広報誌・機関誌・新聞広告など、表面のややザラついた比較的インキを吸いやすい用紙では、あまり網点密度が高いと画像が潰れてしまうなどの問題があるため、線数をあらくして出力します。

30線出力

30線出力

通常の出力ではありませんが、あえて網点の荒さを表現したいなど、特殊な効果を表現することもできます。

※おことわり※
上の写真はおおよそです。モニタでわかりやすいように掲載したもので、正確な線数のものではありません。

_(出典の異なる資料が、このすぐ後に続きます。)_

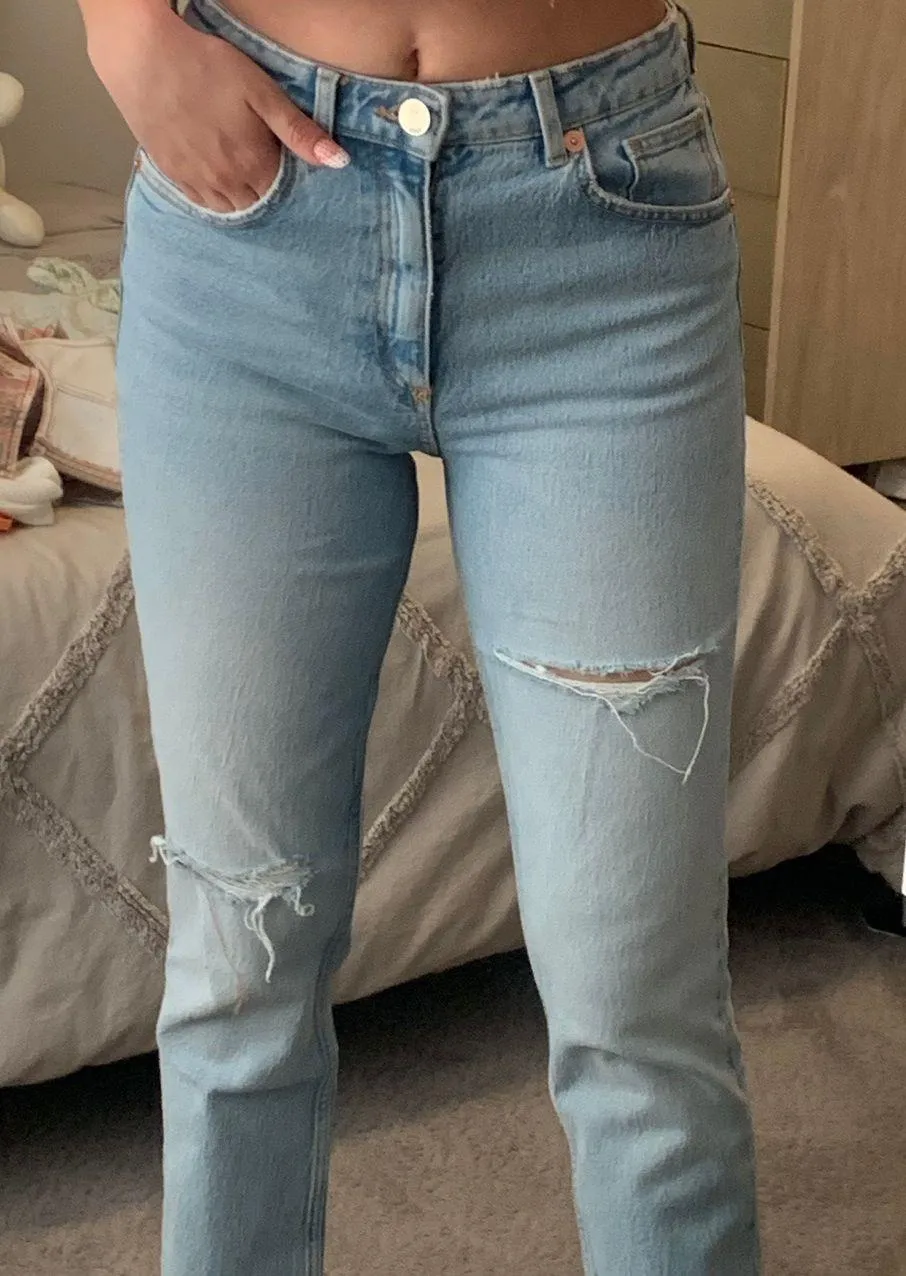 ZARA High Waisted Jeans - Image 2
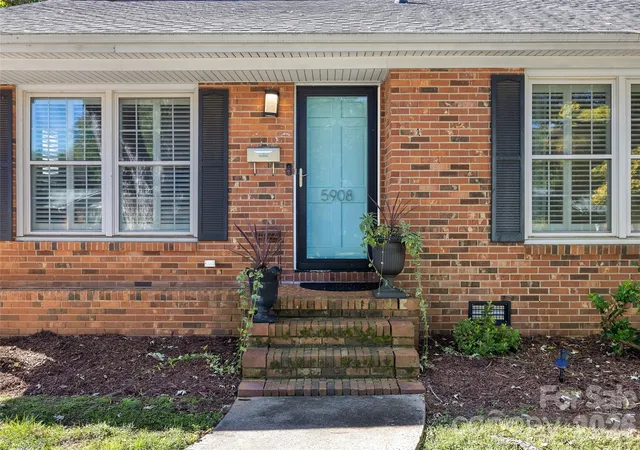 Photo 3 of Single family home for sale at 5908 Brookhaven Rd, Charlotte, NC 28210 | MLS# 4434517 | Listing updated on 2026-10-29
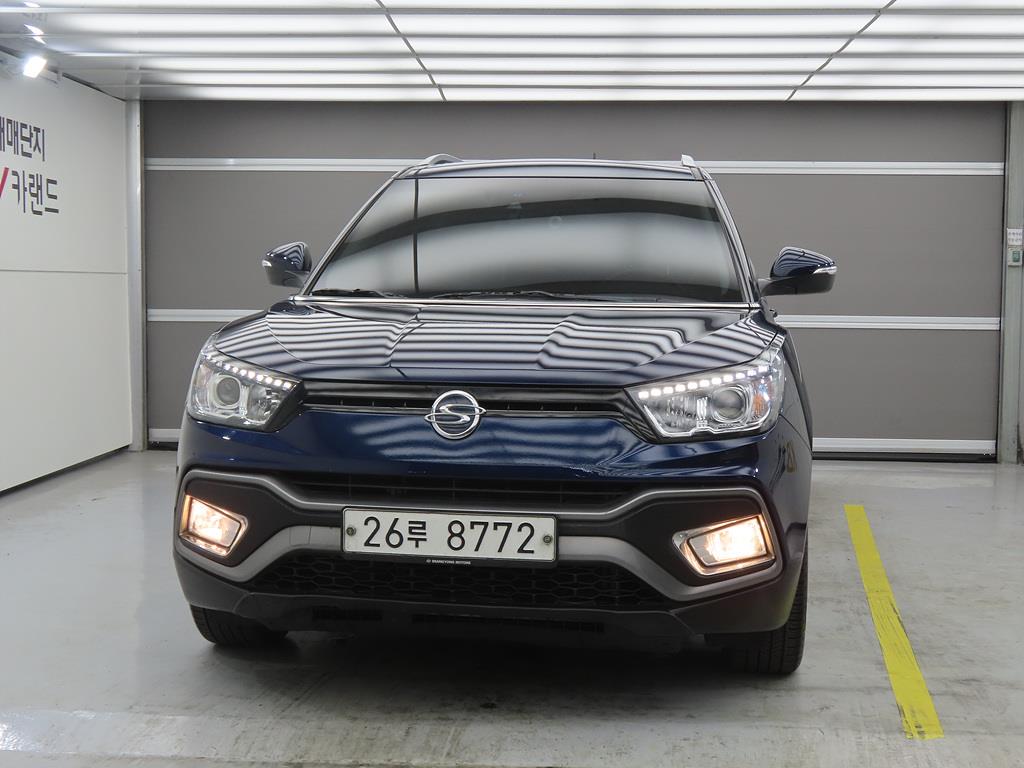 Ssangyong Tivoli - Vista 2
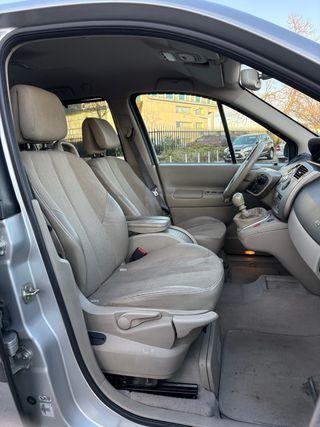 Renault Grand Scenic 2007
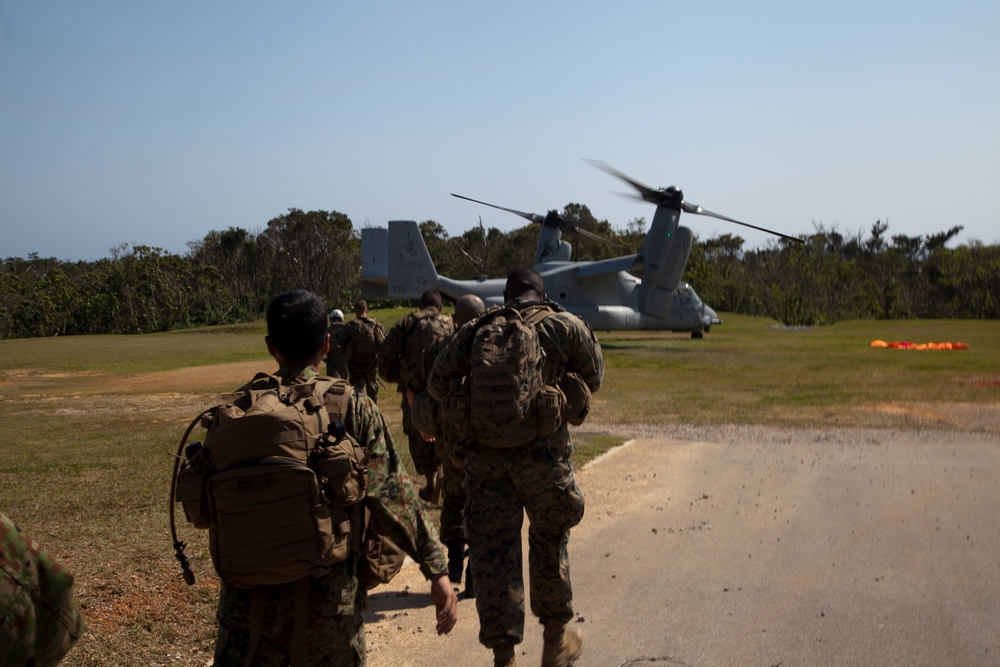 JGSDF members,  Marines strengthen relationships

画像解像度(ppi)はスクリーン線数とともに、印刷物のできばえに大きく左右します。写真を印刷する場合、使用するインキの色ごとに色の要素を分けてデータ化する必要があり、これを分解・スキャンニングと言います。このスキャンニング時の色の情報量を解像度といいppiで表します。画像の情報量 は出力線数と密接な関係があり、これが不足すると出力結果で画像がぼやけた感じになって、印刷物の善し悪しに大きく影響してきます。適切な品質の印刷物を得るためには、目的に応じて相応の情報量を画像に持たすことが必要です。一般的な目安として、出力線数の2倍の数値の情報量が必要です。

印刷物の種類 出力線数 画像の情報量(ppi)
ポスター・カタログ・パンフレット・カラーの雑誌など 175線 350ppi
広報誌・報告書・チラシなど 133線・150線 270ppi・300ppi
新聞広告・特殊紙印刷など 85線・100線 170ppi・200ppi

以上は一般的な例ですが、スキャンニング済みの画像データを印刷会社に入稿される場合には印刷目的に合った品質を得るために、この画像の解像度は大変重要です。ただ画像の情報量を多くすればするほど印刷品質が良くなるとはかぎりません。画像の情報量は多くなればなるほど重たくなり、データ作成や管理が大変になります。出力線数に必要な情報量以上の情報があっても出力装置が必要としないため、品質向上につながらないばかりか、余分な量のデータ処理のため出力に長い時間がかかります。また、イラストレーターなどのレイアウトソフトなどで画像を2倍に拡大すると情報量が二分の一に落ちてしまいますので、注意が必要です。